The Mig-2 is a button-operated darkroom timer. At 90 x 140 x 40 mm it's a small device. From the construction this looks like a device from the late 70s and early 80s. The production year is not marked; there is a price mark (18 roubles) on the bottom, and an electrical outlet at the back for connecting the enlarger.
Apart from the excellent industrial design, it's somewhat remarkable for its quirky exposure time selection mechanism. Apart from the two large buttons marked "Start" (пуск, in red) and "Continuous" (постоянно), there is a set of five buttons marked 1, 2, 4, 8 and 16. These form a binary interface based on powers of two. Durations of powers of two seconds can be selected directly; intermediate times are selected by pressing several buttons at once which then are are added up. For 3 seconds you'd select 1 + 2, for 7 seconds you'd select 1 + 2 + 4, and for 21 seconds you'd press 1 + 4 + 16.
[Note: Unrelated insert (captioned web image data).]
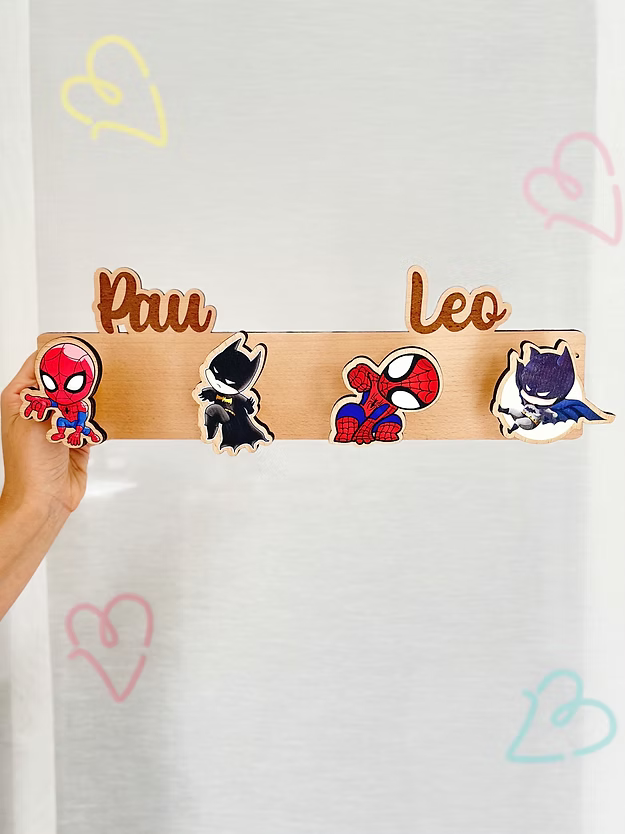 Perchero de 4 tematico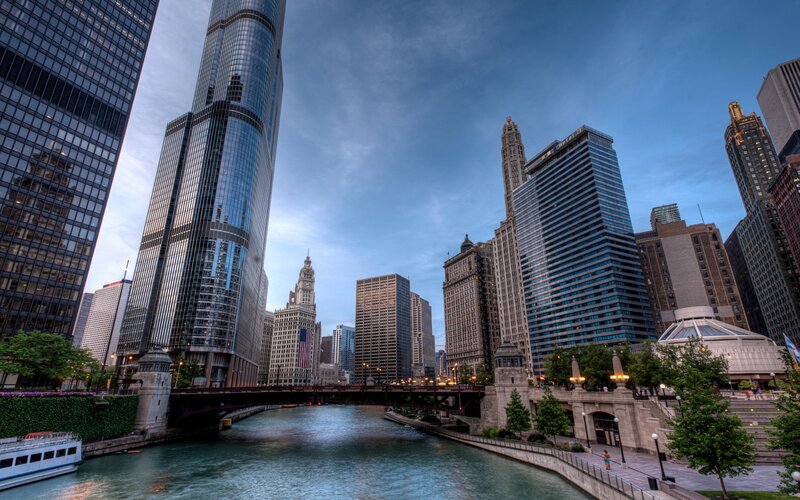Chicago River Skyline — Blue, Dramatic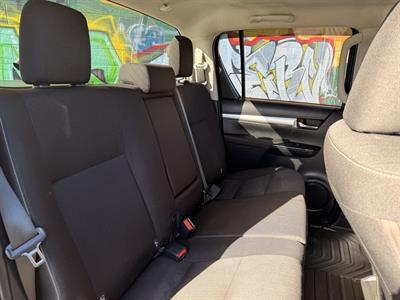2020 Toyota Hilux - Thumbnail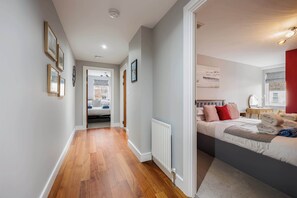 2 bedrooms, iron/ironing board, WiFi, bed sheets - Seafarers -  Near Poole Quay with Free Parking (Poole)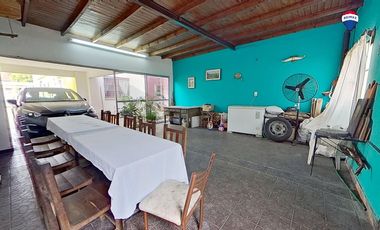 Venta casa 4 amb más depto jardín chingolo Lanús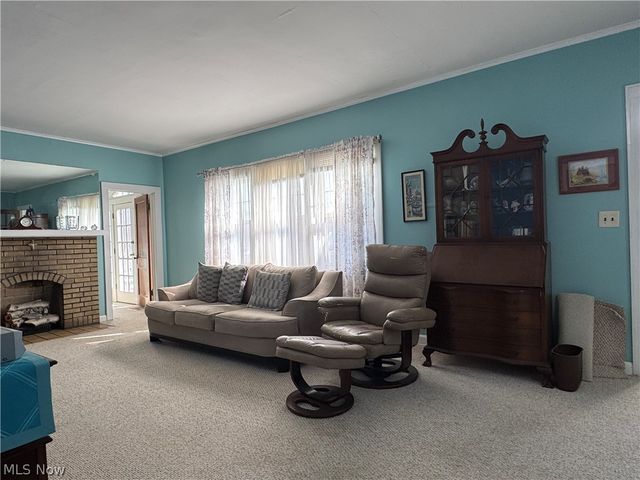 211 E Main Street, St Clairsville, OH 43950
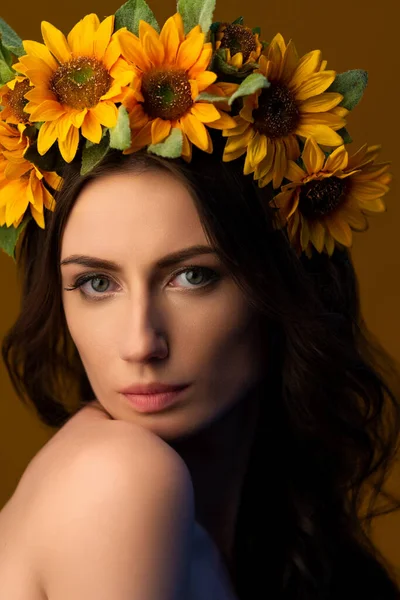 Portrait Ukrainian Girl Wreath Colorful Yellow Sunflowers National Traditional Flower — Stock Photo, Image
It follows that the 5 buttons on the Mig-2 give us 5 f-stops worth of exposure time range, or 1 to 31 seconds. If you need more than this, just open the aperture on your enlarging lens one stop. On this Mig-2, the exposure times all run with reasonable accuracy. The electronics are analog, though, and depending on the state of the capacitors exposure times might become inaccurate over the decades.
Using the Mig-2, you end up juggling powers of 2 in your head all the time. In the darkroom this is actually rather intuitive, since a lot of darkroom work is based on powers of 2 anyway. Suppose you are exposing at f/5.6 and you find that you need 12 seconds of exposure (8+4). Now you decide that you'd better expose at f/8 to have more time to play around. For one stop you need twice the exposure time, hence 12 seconds (16 + 8). If you look at the scale, this change becomes a very simple operation: from 1-2-4-8-16 you get 1-2-4-8-16 - in other words, just take all the pushed-down buttons and shift them one position to the right.
The name, of course, has nothing to do with the Mikoyan-Gurevich aviation construction bureau. In other words: in spite of the name this is not a fighter plane. The word "миг" simply means "moment", "instant".